Designer: New Trail Unlike Any Other
The new Pineville Bike Park and the addition of a new walking/ bike trail represent a “giant leap in the right direction” for McDonald County, John Hunter said.
Hunter’s company, Progressive Bike Ramps, designed the bike park and trail. He’s encouraged about the attention both are garnering.
“It seems that people from all over the four-state area are making their way to Pineville to check out the bike park,” Hunter said. “Once the word gets out about the new unique pump trail, it will certainly get national attention from bikers and skaters who will want to make it part of their trip anytime they get even close to the area,” Hunter said.
The bike park opened July 10. Now, crews are finished with the new trail and a date will be set soon to celebrate its opening. The Pineville City Council coupled its efforts with many in the community to bring the amenities to the area.
Hunter said the new asphalt trail is a specially designed trail not found elsewhere.
“This type of linear pumpable trail does not exist anywhere else that I can think of,” Hunter said. “Many cities have pump tracks that are contained loops — but I don’t know of any that have a directional pump trail like the one in Pineville,” he said.
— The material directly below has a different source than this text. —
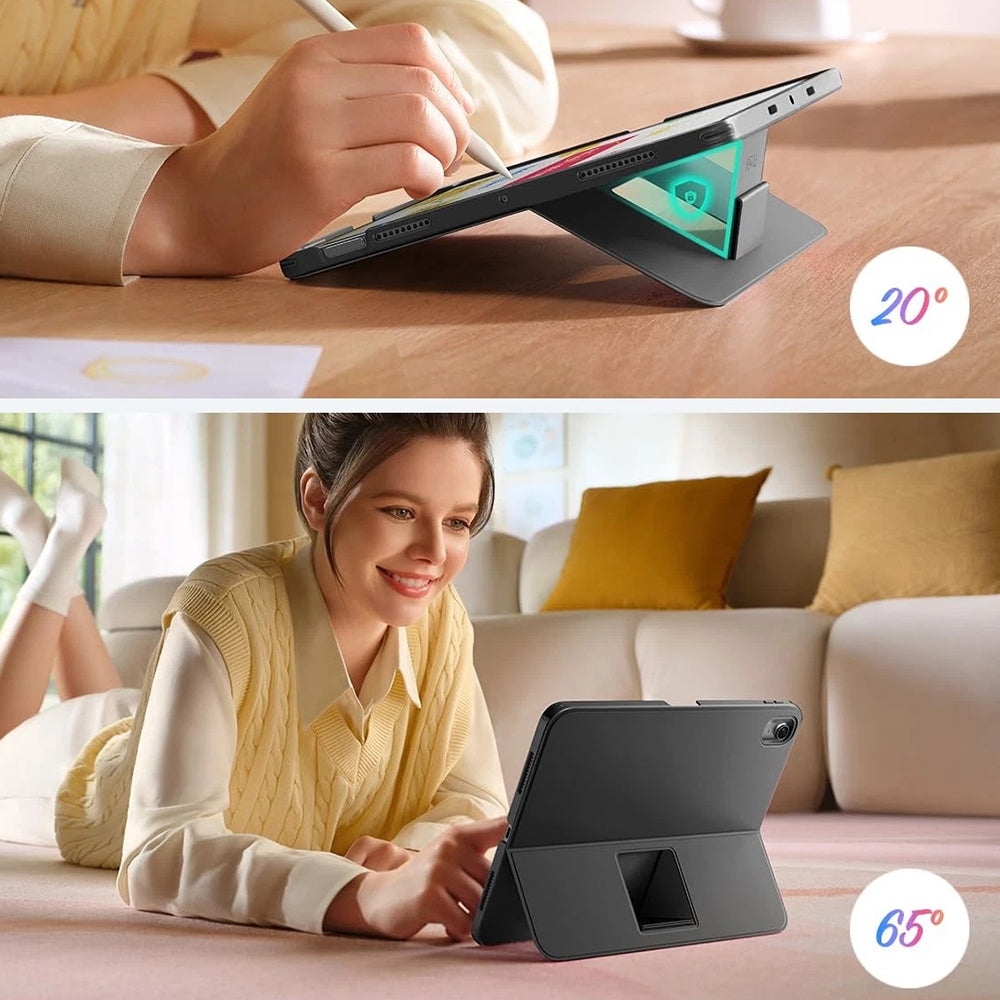 Fodral med tangentbord för Apple iPad (2025) / (2022), ESR, Flex, Grå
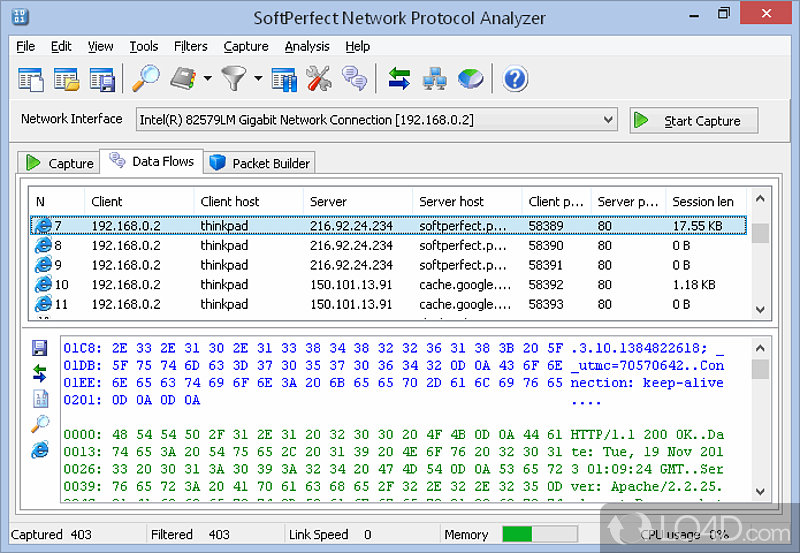 Analyze the data passing through your network - Screenshot of SoftPerfect Network Protocol Analyzer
The first part of the trail is flat,
until a biker or walker rounds the corner and heads downhill. “That’s when it gets fun,” Hunter said.
The trail features rollers that walkers can easily negotiate. But bikers can use them to propel themselves down the trail by pumping.
The trail also features a jumpline, a 100 yard-long series of rollers and kickers, which is constructed so that a rider can “get air” and ramp from one section to the other.
Intermediate to advanced riders will find that aspect a lot fun.
Beginning riders also can take on the jumpline, but probably won’t be catching air, Hunter added.
The jumpline also has a walkable bypass for pedestrians.
After the jumpline section ends, riders can enjoy the trail with rollers that have more space between them.
The construction project incurred a few challenges, as to be expected with any large endeavor.
“The soil on the site was great if you were a farmer — but not so great for compacting to build a trail,” Hunter said. “This meant we had to bring in quite a bit more sub-base than originally planned.”
Crews addressed a few areas where water drained across the trail. One such area was built up, then finished off with a new 12-foot-long steel bridge with cedar decking.
The specialty crew that worked on the trail previously contracted work for former NFL quarterback David Carr.
With all the hard work complete, officials will open the new trail soon.
When that happens, Hunter believes the new amenities will continue to draw people to the area.
“If McDonald County continues to invest in quality recreational experiences and infrastructure, more people will start to look north from Bentonville and south from Joplin to visit and even relocate,” he said.
City employees work to build an embankment around the pump track portion of the Pineville Bike Trail last week. When completed, the trail will extend from the Bike Park near Sugar Island to the heart of Pineville.